━━━━━ Records ━━━━━

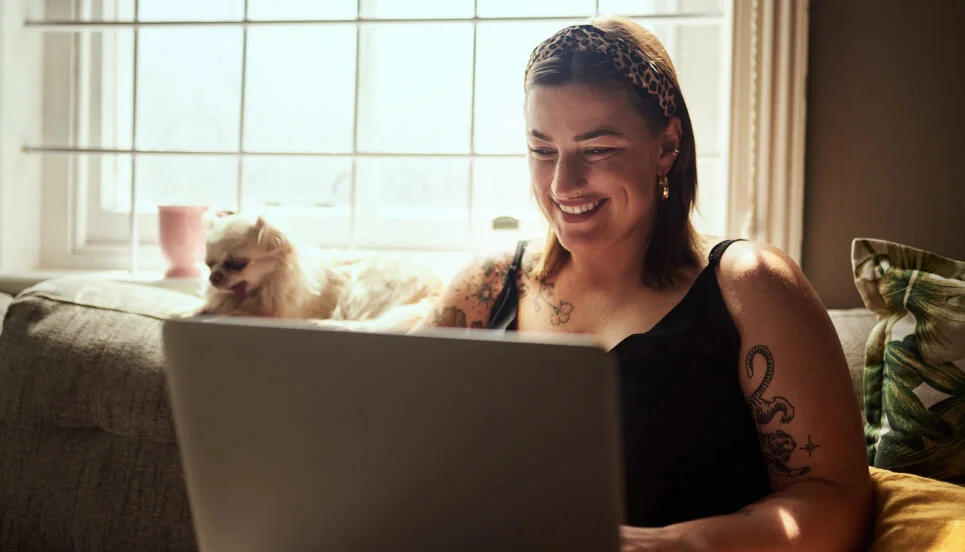 Woman smiling at a laptop on a couch, with a small dog resting beside her, near a window.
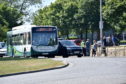 A number 59 bus and car have been involved in a collision on North Andreson Drive, Aberdeen. Pictured are police at the scene.



Picture by Scott Baxter    27062018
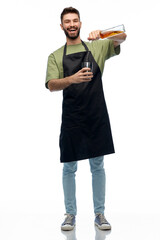 alcohol drinks, people and job concept - happy smiling barman in black apron with shaker and glass...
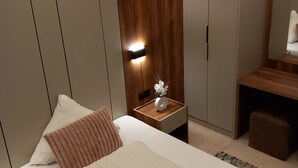 Un dormitorio moderno con cama, mesita de noche y velador con un florero.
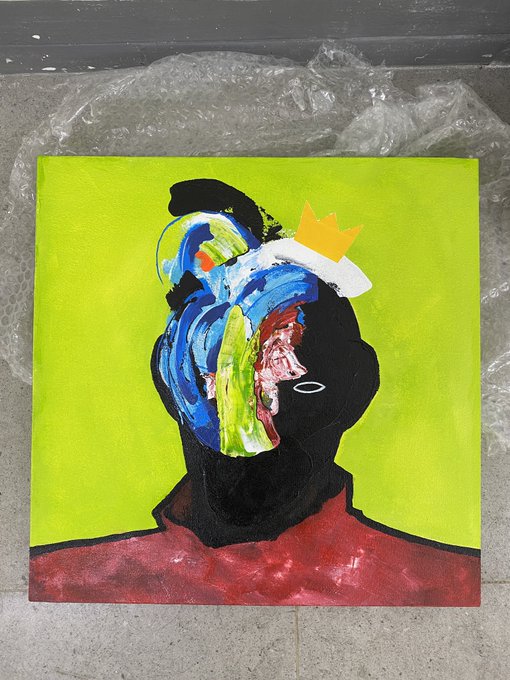 A painting on a bright green square canvas depicting a figure with a black silhouette, colorful abstract face, red garment, and a yellow crown.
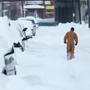 A man walked along a snow-covered street on Thursday in Buffalo, N.Y.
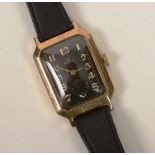 An early 20th century 9ct gold Rolex wristwatch, the black enamel face with gold Arabic numerals and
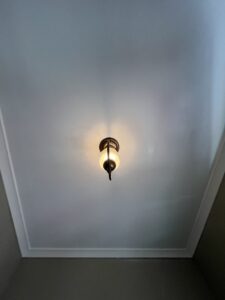 Residential painter in Jackson Michigan finishing interior wall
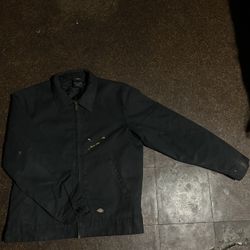 Black Dickies jacket with paint stains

━━━━━

**Exercise directions**
Make a word-for-word repeat of the material, skipping all pictures.

**Solution to this problem**
 Woman smiling at a laptop on a couch, with a small dog resting beside her, near a window.
 A number 59 bus and car have been involved in a collision on North Andreson Drive, Aberdeen. Pictured are police at the scene.



Picture by Scott Baxter    27062018
 alcohol drinks, people and job concept - happy smiling barman in black apron with shaker and glass...
 Un dormitorio moderno con cama, mesita de noche y velador con un florero.
 A painting on a bright green square canvas depicting a figure with a black silhouette, colorful abstract face, red garment, and a yellow crown.
 A man walked along a snow-covered street on Thursday in Buffalo, N.Y.
 An early 20th century 9ct gold Rolex wristwatch, the black enamel face with gold Arabic numerals and
 Residential painter in Jackson Michigan finishing interior wall
 Black Dickies jacket with paint stains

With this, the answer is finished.